Required work: For the listing below, the answer is an exact retyping of the lines from the one with "So how do they" through the one with "Welcome to another", both included, without pictures.
Data in this exercise below:
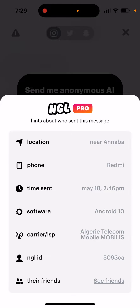People ask: what's the purpose of NGL ID then? It's not tied to anything, and you can't really find out what your friend's NGL ID is. As I understand it, the only purpose of NGL ID is that if you start receiving multiple messages from the same person, you can see that they all share the same NGL ID — so you can identify that it was one person who sent those three messages.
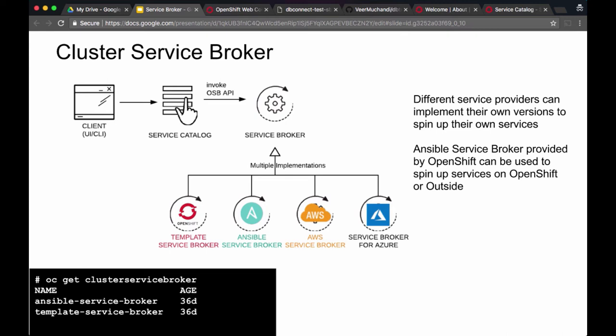There is a template service broker that comes along with OpenShift — this will provision all OpenShift templates. There is an Ansible service broker that allows you to create your own Ansible playbooks to instantiate services either on or outside OpenShift. Then there is the AWS service broker provided by AWS to spin up AWS services. In the same way, a service broker for Azure is being implemented by Microsoft to spin up services on Azure. You can have different kinds of service broker implementations and can implement one of your own by conforming to the OSB API specification.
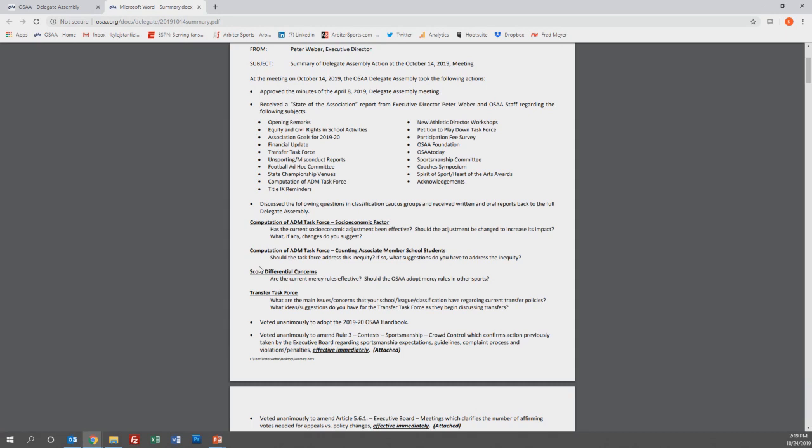Things you want to be on your radar for the April 6th Delegate Assembly meeting are as follows. The delegates will be voting on policy changes that affect classification districting.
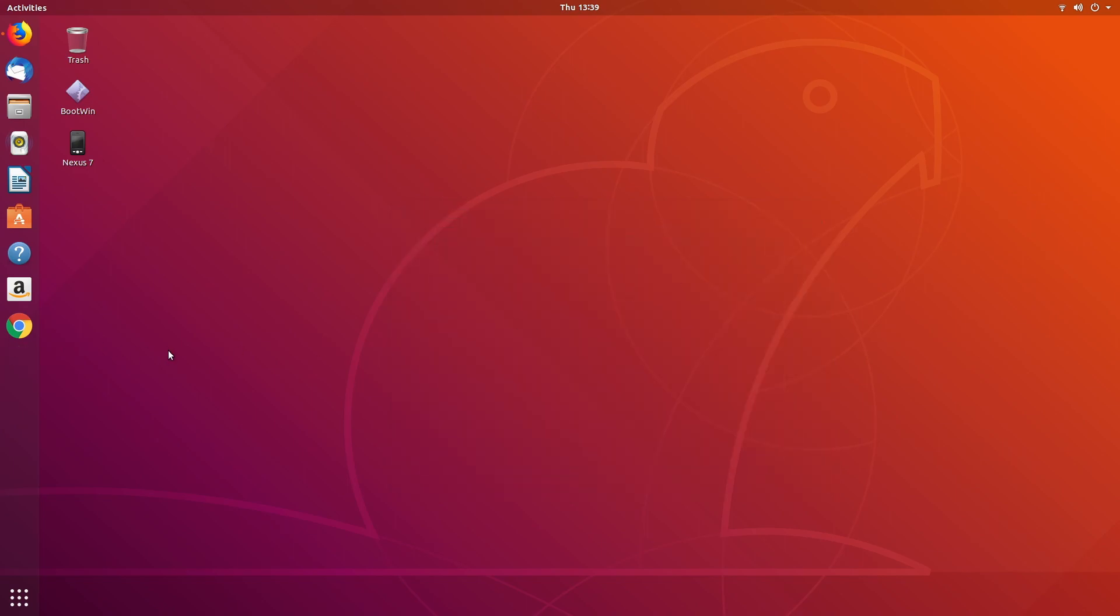So that's the basics of installing Chrome on Ubuntu 18.04 LTS desktop. If you have any questions, please leave them in the comments. If you like this video, please click like. If you haven't subscribed to my channel, I would appreciate if you could do that. Thanks for watching. Until next time, goodbye.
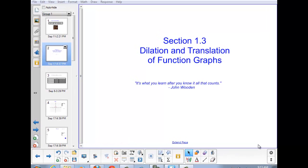Welcome to section 1.3, Dilation and Translation of Function Graphs. When we start with a basic graph but we want to model a specific behavior, we need to manipulate that graph — maybe stretch or shrink it, or shift it away from its original location on the graphing plane.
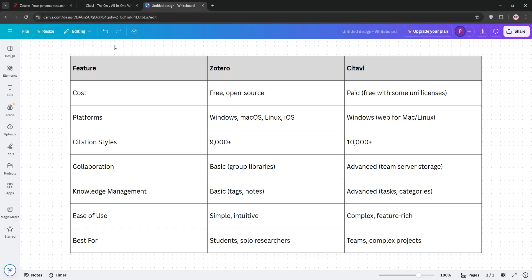So how do they stack up? Zotero is simple, free, and great for individual researchers who need cross-platform flexibility. Cidivi is feature-packed, ideal for teams or complex projects, but is pricier and Windows-focused.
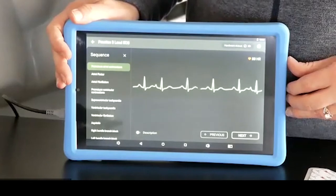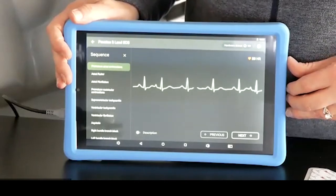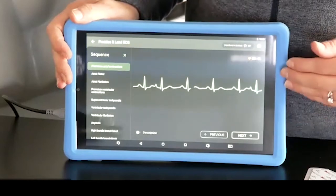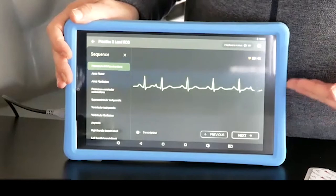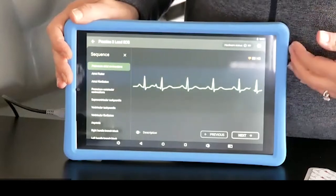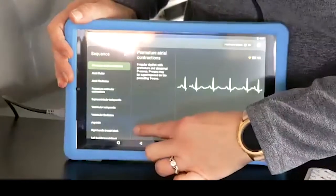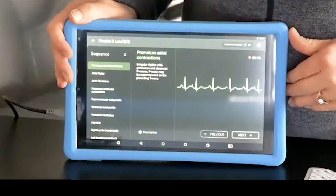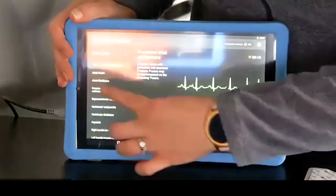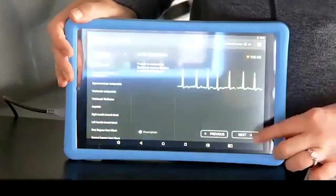After students have correctly placed the 3 lead ECGs on the mannequin, they can progress to looking at rhythms in sequence — basically atrial and ventricular — or in a randomized sequence. This will help them identify rhythms. By clicking on the description, they can learn about the rhythms as well. To change to a different rhythm, they can select any of them or click next.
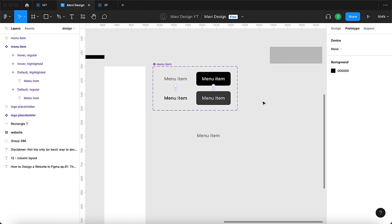We have menu items and company logos — now we need to arrange them. I'll copy the menu item four times so we have five items in total, select all of them, press Shift+A to create an auto layout, and rename it 'menu items'. I'll then change the text of each: 'first page', 'second page', 'customers', 'about us', and 'reach out to us'. The last one is going to be the most prominent, so I'll change its type to 'highlight'.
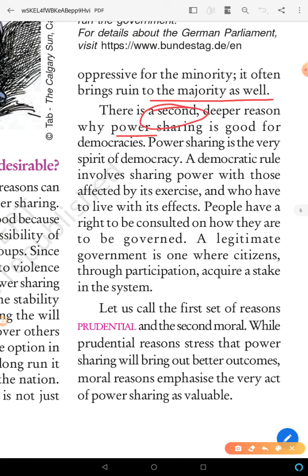There is a second, deeper reason why power sharing is good for democracy. The second reason is that power sharing is the very spirit of democracy.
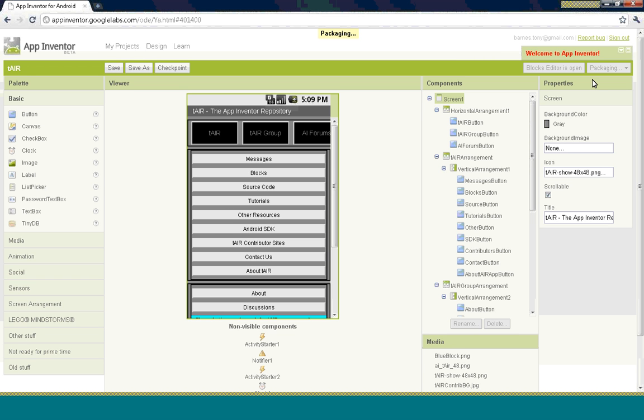Basically, it's going through the packaging process, and when it finishes packaging, you'll get a little window that pops up with the QR code. With the QR code showing on the screen, you can take your phone, use the camera, and take a picture of that QR code, and that will retrieve the APK from your computer and download it to your phone.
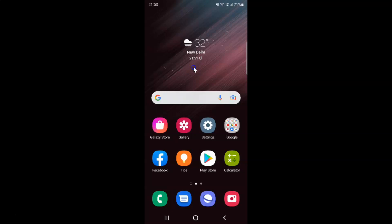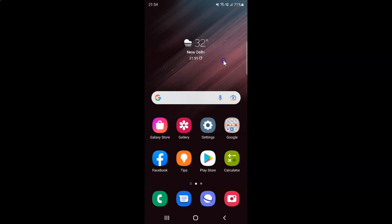Hi guys, in this video I will show you how to disable absolute volume on Samsung Galaxy S22 Ultra. This is my Samsung Galaxy S22 Ultra device, so let us start.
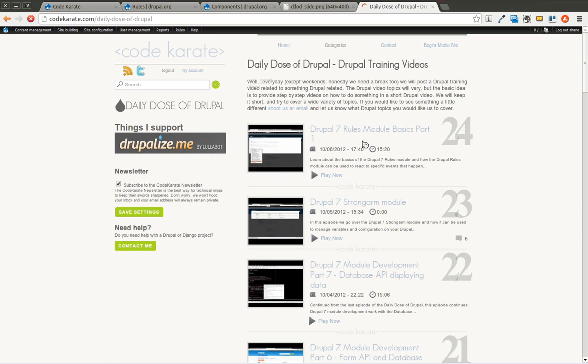Welcome to another Daily Dose of Drupal. This is Shane, and we're on episode 25. Yesterday we talked about the rules module, and today we're going to continue on with the rules module and talk about components a little bit.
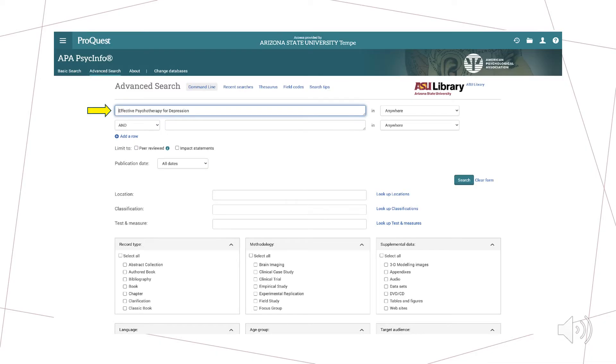However, in cases in which we do know the exact words we need to conduct our search, we can proceed directly to the search engine. In this case, we will type the words effective psychotherapy treatment for depression, essentially asking the database to locate any records that include those words.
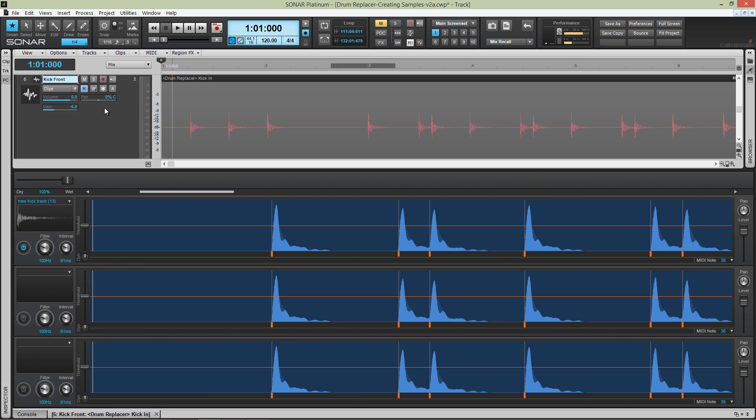Let's take a listen now. I'll use Drum Replacer's Wet Dry slider to blend, replace and or compare the results.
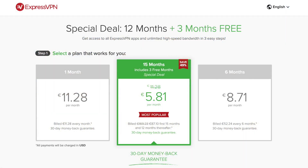And if you're looking for a VPN subscription, I have a promotional link in the summary below where you'll get three months for free with ExpressVPN.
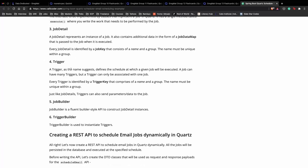Now comes the trigger. A trigger, as the name suggests, defines the schedule at which the given job will be executed. It basically tells Quartz when the job should be triggered. A job can have many triggers, but a trigger can only be associated with one job. Every trigger is also defined by a trigger key which comprises a name and a group, and the name must be unique within a group.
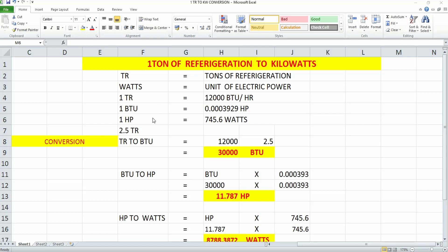As you all know, horsepower is a unit of measurement of power, and one horsepower equals 745.6 watts. Our intention is to convert a particular tonnage of refrigeration to wattage. Here I'm assuming 2.5 TR to convert to watts.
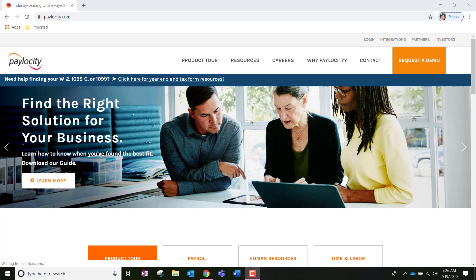Hi, everybody. Chloe Thompson here, Onboarding and Recruiting Specialist with S&S Services. And today, I am going to give you a tutorial on how to request your PTO or your floating holiday off.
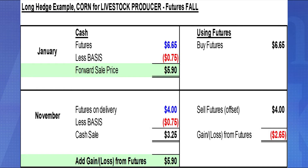In a second long hedge example, we go long futures to hedge potential rising feed costs, but at harvest, futures don't rise — they actually fall. In January, futures are $6.65 a bushel, less basis, for a forward cash sale price of $5.90. You buy futures at $6.65 concerned that corn will rise. Instead, corn drops to $4.00 less basis, giving a cash sale of $3.25. You offset the futures position in November at $4.00, taking a loss of $2.65. Adding that loss to $3.25 gives a net price of $5.90 — you still paid $5.90 and could not participate in the cash market at $3.25. Sometimes it does not work out, but you still hedged the position because you believed prices would rise. The price achieved using a forward sale is identical to using futures, provided the basis at delivery is the same as when the forward sale was made.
End of Data in this exercise.
Exercise answer:
So how do they stack up? Zotero is simple, free, and great for individual researchers who need cross-platform flexibility. Cidivi is feature-packed, ideal for teams or complex projects, but is pricier and Windows-focused.
After students have correctly placed the 3 lead ECGs on the mannequin, they can progress to looking at rhythms in sequence — basically atrial and ventricular — or in a randomized sequence. This will help them identify rhythms. By clicking on the description, they can learn about the rhythms as well. To change to a different rhythm, they can select any of them or click next.
We have menu items and company logos — now we need to arrange them. I'll copy the menu item four times so we have five items in total, select all of them, press Shift+A to create an auto layout, and rename it 'menu items'. I'll then change the text of each: 'first page', 'second page', 'customers', 'about us', and 'reach out to us'. The last one is going to be the most prominent, so I'll change its type to 'highlight'.
There is a second, deeper reason why power sharing is good for democracy. The second reason is that power sharing is the very spirit of democracy.
Basically, it's going through the packaging process, and when it finishes packaging, you'll get a little window that pops up with the QR code. With the QR code showing on the screen, you can take your phone, use the camera, and take a picture of that QR code, and that will retrieve the APK from your computer and download it to your phone.
Hi guys, in this video I will show you how to disable absolute volume on Samsung Galaxy S22 Ultra. This is my Samsung Galaxy S22 Ultra device, so let us start.
Welcome to another Daily Dose of Drupal. This is Shane, and we're on episode 25. Yesterday we talked about the rules module, and today we're going to continue on with the rules module and talk about components a little bit.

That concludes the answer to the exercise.